As of Apache Spark release 3.0 users can schedule GPU resources and can replace the backend for many SQL and dataframe operations so that they are accelerated using GPUs. Actually It is Rapids-plugin/CUDF https://github.com/NVIDIA/spark-rapids which can accelerate SQL/Dataframe.

What I am trying to say is we can leverage Rapids-plugin to accelerate XGBoost4j-Spark end to end from data loading to training. Rapids-plugin loads data into GPU memory with Columnar format and executes operations like join/filter/groupBy with GPUs, that's really pretty fast. After ETL, the data is still stored into GPU memory, So we can build Device-DMatrix in GPU memory, actually xgboost library has supported the cudf_interface way to build DMatrix.
In fact, we have some internal tests which can typically speed up XGBoost4j https://cloud.google.com/blog/products/data-analytics/ml-with-xgboost-gets-faster-with-dataproc-on-gpus and https://databricks.com/blog/2020/05/15/shrink-training-time-and-cost-using-nvidia-gpu-accelerated-xgboost-and-apache-spark-on-databricks.html.
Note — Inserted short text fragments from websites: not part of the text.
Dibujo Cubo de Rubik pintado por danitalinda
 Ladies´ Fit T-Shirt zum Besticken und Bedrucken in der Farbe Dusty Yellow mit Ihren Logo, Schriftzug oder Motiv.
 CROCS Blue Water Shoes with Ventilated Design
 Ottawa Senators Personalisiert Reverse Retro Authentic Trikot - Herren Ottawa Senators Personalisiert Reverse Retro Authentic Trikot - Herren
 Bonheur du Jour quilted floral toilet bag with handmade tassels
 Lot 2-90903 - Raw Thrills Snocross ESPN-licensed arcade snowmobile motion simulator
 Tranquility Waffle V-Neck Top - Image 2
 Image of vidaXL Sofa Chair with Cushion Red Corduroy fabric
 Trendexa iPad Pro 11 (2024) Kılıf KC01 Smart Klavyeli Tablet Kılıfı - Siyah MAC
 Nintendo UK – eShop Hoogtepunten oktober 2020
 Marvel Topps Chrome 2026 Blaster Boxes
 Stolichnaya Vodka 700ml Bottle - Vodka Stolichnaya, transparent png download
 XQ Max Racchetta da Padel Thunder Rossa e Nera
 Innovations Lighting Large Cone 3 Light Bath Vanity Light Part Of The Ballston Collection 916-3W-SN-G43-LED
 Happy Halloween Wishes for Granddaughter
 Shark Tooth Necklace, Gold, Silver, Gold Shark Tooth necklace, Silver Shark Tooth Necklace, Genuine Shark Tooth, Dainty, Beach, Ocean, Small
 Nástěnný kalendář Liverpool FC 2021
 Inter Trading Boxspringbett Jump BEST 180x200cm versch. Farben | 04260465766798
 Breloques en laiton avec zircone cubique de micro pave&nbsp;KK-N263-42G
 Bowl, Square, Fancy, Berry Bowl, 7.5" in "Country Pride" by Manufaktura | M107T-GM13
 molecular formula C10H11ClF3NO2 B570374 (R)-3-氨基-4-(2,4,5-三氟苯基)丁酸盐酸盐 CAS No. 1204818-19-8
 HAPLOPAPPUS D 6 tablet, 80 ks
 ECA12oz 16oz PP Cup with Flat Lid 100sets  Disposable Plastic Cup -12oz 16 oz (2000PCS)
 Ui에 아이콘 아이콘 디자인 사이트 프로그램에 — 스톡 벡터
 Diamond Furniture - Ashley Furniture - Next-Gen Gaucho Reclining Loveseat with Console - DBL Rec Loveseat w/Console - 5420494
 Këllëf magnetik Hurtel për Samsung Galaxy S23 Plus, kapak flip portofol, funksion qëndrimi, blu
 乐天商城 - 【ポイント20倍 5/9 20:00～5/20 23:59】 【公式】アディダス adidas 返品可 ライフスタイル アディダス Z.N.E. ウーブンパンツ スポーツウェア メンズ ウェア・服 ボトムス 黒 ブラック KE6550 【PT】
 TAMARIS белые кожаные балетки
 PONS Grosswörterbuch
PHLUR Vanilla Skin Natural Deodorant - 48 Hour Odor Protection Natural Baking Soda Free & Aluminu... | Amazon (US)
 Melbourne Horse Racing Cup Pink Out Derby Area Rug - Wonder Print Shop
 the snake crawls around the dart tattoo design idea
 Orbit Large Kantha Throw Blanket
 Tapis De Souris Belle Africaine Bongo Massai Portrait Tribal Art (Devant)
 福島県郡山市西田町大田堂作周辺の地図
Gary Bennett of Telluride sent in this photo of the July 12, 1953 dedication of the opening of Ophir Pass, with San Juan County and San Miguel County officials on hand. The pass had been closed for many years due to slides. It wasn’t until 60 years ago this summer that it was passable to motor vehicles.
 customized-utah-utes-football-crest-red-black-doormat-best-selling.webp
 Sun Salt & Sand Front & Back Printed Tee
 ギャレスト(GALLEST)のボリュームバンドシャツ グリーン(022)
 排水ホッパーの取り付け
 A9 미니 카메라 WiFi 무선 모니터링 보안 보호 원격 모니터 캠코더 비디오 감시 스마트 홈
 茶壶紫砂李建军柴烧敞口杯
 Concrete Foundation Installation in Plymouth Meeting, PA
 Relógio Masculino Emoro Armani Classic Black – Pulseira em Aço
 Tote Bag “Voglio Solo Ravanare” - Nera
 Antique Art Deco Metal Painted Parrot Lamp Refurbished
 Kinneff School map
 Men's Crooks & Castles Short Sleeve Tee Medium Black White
Rapids-plugin/CUDF, I know, is in the rapidly developing. So, I would not like to add rapids-plugin into dependency directly. Instead, I'd like to add an XGBoost plugin to support this.

In order to support plugin for XGBoost. I'd like to have 2 PRs

The first PR (this PR), moving the RDD transforms closely, then we can replace the whole RDD transform in the plugin.

To achieve this,

1. deprecated the trainDistributed for RDD

  /**
   * @return A tuple of the booster and the metrics used to build training summary
   */
  @deprecated("use trainDistributed for Dataset instead of RDD", "1.2.0")
  @throws(classOf[XGBoostError])
  private[spark] def trainDistributed(
      trainingData: RDD[XGBLabeledPoint],
      params: Map[String, Any],
      hasGroup: Boolean = false,
      evalSetsMap: Map[String, RDD[XGBLabeledPoint]] = Map()):
    (Booster, Map[String, Array[Float]]) = {

2. added new trainDistributed for Dataset[_]

  /**
   * @return A tuple of the booster and the metrics used to build training summary
   */
  @throws(classOf[XGBoostError])
  private[spark] def trainDistributed(
      trainingData: Dataset[_],
      dsToRddParams: DataFrameToRDDParams,
      params: Map[String, Any],
      hasGroup: Boolean,
      evalData: Map[String, Dataset[_]]): (Booster, Map[String, Array[Float]]) = {

2.1. added a function in trainDistributed to choose the implementation of train

val trainImpl = chooseTrainImpl(hasGroup, xgbExecParams, evalData)

eg, if detecting XGBoost Plugin, then the trainImpl should be pointing to Plugin implementation, or else, falling back to default CPU pipeline

2.2. converted Dataset to RDD and build Watches

        val boostersAndMetrics = trainImpl.datasetToRDD(trainingData, dsToRddParams).mapPartitions(
          iter => {
            val watches = trainImpl.buildWatches(iter)
            buildDistributedBooster(watches, xgbExecParams, rabitEnv,
              xgbExecParams.obj, xgbExecParams.eval, prevBooster)
        }).cache()

the above code is the main framework. trainingData is a Dataset[_].

The main framework does not concern how trainImpl is implemented, by Plugin or default CPU implementation. actually, it treats everything is plugin.

So no matter that it is Plugin or CPU pipeline, Both should implement datasetToRDD and buildWatches.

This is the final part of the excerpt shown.